Assigned task = Give back the line below containing "麦家：人生海海（茅盾文学奖得主麦家2019年强力之作）" and every later line, exactly.

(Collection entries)
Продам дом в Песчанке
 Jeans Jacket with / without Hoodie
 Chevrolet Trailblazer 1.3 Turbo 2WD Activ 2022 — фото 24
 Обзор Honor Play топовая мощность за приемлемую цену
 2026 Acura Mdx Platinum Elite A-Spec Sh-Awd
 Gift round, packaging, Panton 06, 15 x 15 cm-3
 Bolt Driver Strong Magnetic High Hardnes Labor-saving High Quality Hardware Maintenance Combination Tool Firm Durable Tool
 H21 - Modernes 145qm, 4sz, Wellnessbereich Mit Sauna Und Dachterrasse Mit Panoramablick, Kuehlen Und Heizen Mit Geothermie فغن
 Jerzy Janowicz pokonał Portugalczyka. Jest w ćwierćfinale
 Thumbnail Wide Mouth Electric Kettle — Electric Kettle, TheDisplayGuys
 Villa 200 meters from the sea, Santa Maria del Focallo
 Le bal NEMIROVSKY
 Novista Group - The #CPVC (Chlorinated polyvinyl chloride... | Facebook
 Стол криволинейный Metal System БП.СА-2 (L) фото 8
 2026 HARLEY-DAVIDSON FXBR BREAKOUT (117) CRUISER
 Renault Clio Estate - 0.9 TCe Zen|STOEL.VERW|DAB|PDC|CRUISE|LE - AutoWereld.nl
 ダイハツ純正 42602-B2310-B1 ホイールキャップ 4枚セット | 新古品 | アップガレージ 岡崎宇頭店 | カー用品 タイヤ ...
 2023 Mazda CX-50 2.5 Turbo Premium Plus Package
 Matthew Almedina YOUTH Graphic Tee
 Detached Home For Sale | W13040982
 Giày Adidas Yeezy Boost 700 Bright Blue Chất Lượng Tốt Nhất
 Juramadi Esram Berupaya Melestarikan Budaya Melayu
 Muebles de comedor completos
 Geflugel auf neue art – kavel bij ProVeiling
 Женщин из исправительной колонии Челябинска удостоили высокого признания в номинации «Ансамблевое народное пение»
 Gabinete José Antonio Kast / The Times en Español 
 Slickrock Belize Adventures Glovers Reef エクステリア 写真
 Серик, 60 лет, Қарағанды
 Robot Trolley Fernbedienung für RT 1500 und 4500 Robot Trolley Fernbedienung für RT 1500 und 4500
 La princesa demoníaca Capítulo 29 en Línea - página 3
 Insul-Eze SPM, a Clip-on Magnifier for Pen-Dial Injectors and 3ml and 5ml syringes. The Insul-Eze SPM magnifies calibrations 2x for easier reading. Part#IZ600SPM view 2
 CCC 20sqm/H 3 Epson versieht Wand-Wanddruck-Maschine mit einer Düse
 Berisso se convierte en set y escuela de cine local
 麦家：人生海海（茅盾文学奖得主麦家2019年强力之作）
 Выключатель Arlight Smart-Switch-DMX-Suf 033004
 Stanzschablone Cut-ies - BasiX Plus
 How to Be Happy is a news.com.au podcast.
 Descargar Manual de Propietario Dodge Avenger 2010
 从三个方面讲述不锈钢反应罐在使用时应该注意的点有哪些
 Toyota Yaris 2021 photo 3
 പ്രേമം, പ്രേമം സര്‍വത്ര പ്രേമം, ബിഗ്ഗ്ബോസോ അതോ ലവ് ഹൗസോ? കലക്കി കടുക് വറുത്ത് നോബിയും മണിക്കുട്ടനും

Solved problem =
 麦家：人生海海（茅盾文学奖得主麦家2019年强力之作）
 Выключатель Arlight Smart-Switch-DMX-Suf 033004
 Stanzschablone Cut-ies - BasiX Plus
 How to Be Happy is a news.com.au podcast.
 Descargar Manual de Propietario Dodge Avenger 2010
 从三个方面讲述不锈钢反应罐在使用时应该注意的点有哪些
 Toyota Yaris 2021 photo 3
 പ്രേമം, പ്രേമം സര്‍വത്ര പ്രേമം, ബിഗ്ഗ്ബോസോ അതോ ലവ് ഹൗസോ? കലക്കി കടുക് വറുത്ത് നോബിയും മണിക്കുട്ടനും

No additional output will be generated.